Looking at ESnet: An Interview with Bill Johnston
by Alan Beck, Editor-in-Chief, HPCwire
(Reprinted from HPCwire, Vol. 12, No. 48, December 5, 2003)
Bill Johnston, a distinguished networking and computing researcher, was recently named Manager of the Energy Sciences Network (ESnet), a leading-edge, high-bandwidth network funded by the U.S. Department of Energy (DOE), Office of Science. ESnet is managed by DOE's Lawrence Berkeley National Lab.
ESnet is used by thousands of scientists and researchers worldwide, and provides a high-end platform for unclassified scientific collaboration and exploration. The network provides reliable connectivity at up to 10 Gigabits per second. Used for everything from videoconferencing to climate modeling, and flexible enough to accommodate a wide variety of data-intensive applications and services, its traffic volume is doubling every year, and currently surpasses 200 terabytes (200 million megabytes) per month.

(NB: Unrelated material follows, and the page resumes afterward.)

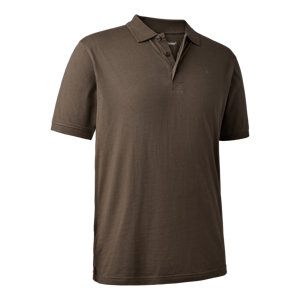 Pánská polokošile Deerhunter Christian - Brown Leaf 4XL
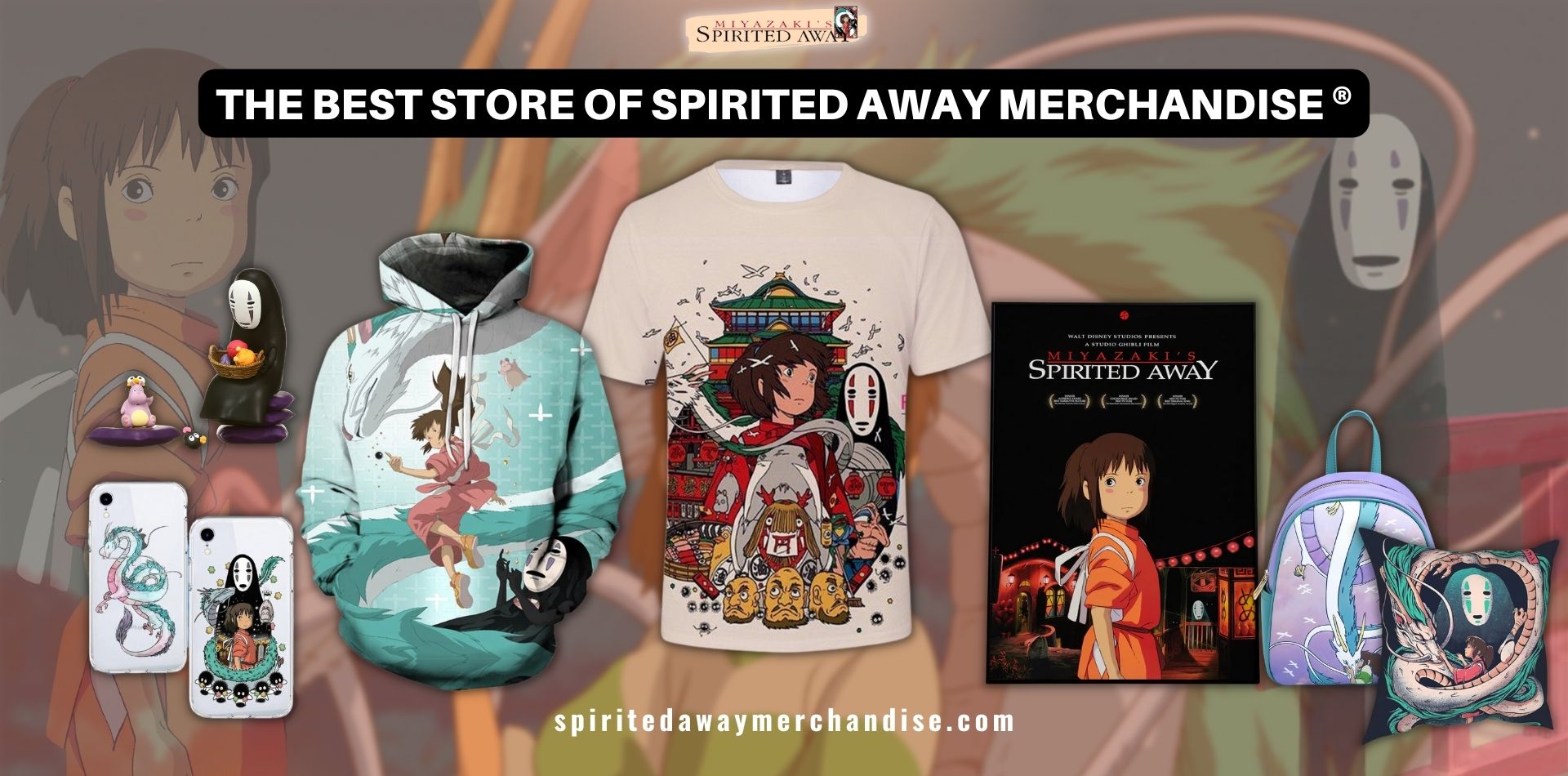 spirited away Shop Web Banner - Spirited Away Merch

Managing and directing a network such as ESnet requires a unique skillset and knowledge, as well a vision of where high-end, distributed network computing is headed. In this sense, Johnston is an ideal person for the job. Over the last decade, Johnston has served as the Principal investigator of the DOE Science Grid and head of Berkeley Lab's Distributed Systems Department.
Johnston is also a key member of a tight-knit group of people who have pioneered Grid computing over the last five years. Grids are specialized configurations of computing systems, storage systems, networks and experimental facilities for advancing scientific collaborations between geographically dispersed institutions. By integrating these dispersed research sites, computing and data resources in real-time, scientists are able to collaborate and run experiments, analyze data and conduct simulations almost immediately.
HPCwire recently caught up with Johnston to get his views on where he thinks ESnet is heading, and how it will get there.
HPCwire: How has your past experience led up to directing ESnet?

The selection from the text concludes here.